Rexam re-throned

Eshan Toorabally, the paper and forest products analyst at Goldman Sachs, is clearly in two minds about large plastic packaging and beverage can producer Rexam.

Since putting Rexam on the ‘sell’ list on 21 January and then marking it down further as a ‘conviction sell’ on 29 January the stock has risen 11% compared with the FTSE World Europe index. On 2 May Eshan removed Rexam from the conviction sell but kept his sell rating.

On 23 May Eshan finally capitulated upgrading the company from ‘sell’ to ‘neutral’. Admittedly his ‘sell’ argument was based on Rexam looking expensive compared with its peers.
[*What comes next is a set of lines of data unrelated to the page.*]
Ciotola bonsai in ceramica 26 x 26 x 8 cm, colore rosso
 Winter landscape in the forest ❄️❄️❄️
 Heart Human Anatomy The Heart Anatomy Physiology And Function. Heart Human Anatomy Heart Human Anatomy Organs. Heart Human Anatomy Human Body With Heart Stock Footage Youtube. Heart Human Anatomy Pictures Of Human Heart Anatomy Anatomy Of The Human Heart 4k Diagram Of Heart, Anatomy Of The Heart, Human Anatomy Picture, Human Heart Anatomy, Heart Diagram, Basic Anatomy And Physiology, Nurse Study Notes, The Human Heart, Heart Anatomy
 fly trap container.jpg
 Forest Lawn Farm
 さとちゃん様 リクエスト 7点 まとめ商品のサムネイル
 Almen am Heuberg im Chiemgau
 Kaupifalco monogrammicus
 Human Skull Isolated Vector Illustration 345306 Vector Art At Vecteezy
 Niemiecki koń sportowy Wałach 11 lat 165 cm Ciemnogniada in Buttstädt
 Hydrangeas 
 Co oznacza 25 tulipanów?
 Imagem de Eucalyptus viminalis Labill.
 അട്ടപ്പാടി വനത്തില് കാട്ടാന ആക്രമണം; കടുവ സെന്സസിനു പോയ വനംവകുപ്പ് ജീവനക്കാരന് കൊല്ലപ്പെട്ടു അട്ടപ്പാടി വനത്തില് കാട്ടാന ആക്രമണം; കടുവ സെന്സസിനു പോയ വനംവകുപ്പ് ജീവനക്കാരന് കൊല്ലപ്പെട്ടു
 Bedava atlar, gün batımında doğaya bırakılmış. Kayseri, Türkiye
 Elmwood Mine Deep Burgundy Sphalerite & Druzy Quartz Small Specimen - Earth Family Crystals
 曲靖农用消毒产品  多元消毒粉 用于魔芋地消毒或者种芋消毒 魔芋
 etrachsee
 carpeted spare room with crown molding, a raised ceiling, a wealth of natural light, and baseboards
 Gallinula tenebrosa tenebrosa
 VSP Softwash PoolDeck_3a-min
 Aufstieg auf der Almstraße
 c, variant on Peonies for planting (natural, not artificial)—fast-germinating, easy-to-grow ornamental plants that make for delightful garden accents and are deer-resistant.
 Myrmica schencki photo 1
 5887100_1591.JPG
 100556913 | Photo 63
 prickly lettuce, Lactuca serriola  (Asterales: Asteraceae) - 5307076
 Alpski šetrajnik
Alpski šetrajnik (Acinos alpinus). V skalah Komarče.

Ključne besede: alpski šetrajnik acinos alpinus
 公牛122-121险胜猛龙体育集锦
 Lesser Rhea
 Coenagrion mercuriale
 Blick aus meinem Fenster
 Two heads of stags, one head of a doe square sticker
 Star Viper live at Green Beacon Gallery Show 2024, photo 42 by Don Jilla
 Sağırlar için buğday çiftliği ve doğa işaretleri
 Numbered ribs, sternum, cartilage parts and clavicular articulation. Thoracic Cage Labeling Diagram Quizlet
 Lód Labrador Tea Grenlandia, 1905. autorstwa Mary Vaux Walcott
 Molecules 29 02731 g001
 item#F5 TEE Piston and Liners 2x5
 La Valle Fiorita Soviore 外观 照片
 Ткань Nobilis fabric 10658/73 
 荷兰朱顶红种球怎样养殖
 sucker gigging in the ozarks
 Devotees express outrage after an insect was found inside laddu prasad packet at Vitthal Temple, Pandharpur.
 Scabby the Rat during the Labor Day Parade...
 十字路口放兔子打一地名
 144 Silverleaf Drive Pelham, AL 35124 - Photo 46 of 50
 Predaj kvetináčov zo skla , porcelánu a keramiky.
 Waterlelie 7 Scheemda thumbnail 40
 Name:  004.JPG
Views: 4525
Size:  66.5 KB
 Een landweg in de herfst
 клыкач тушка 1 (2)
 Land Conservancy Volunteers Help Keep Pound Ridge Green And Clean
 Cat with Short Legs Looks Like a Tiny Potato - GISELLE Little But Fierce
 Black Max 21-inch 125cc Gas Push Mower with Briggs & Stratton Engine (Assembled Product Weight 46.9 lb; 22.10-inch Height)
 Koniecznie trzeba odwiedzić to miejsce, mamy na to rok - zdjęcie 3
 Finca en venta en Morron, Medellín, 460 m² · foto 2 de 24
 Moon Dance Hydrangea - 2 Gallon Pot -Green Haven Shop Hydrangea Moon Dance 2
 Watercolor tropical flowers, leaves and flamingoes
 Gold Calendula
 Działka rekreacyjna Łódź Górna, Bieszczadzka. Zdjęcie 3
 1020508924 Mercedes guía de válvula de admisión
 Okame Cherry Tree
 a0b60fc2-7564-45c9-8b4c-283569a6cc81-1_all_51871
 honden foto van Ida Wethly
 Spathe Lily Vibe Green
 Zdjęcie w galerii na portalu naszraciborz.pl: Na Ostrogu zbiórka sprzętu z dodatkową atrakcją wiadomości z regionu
It trades on an adjusted 2008 estimated enterprise value/EBITDA of 8.6, which is above its five-year average of 7.8 and ahead of US peers Ball Corp on 8.2 and Crown on 7.6.

Eshan was also worried about Rexam suffering a profit slowdown. But the trading update on 1 May was surprisingly bullish, almost removing the ‘risk of an earnings miss’ when the company reports first-half profits on 30 July, says Eshan.

Rexam is up because its beverage can operation in Brazil and Europe is thriving. Sharp cost rises in aluminium cans are being passed on to customers or hedged. Indeed, Eshan says the main upside risk to his new 430p target price, compared with the old 385p one, is better than expected margin performance in the can businesses.

The main downside risk is Rexam being less able to recover rising resin costs in its plastic packaging division.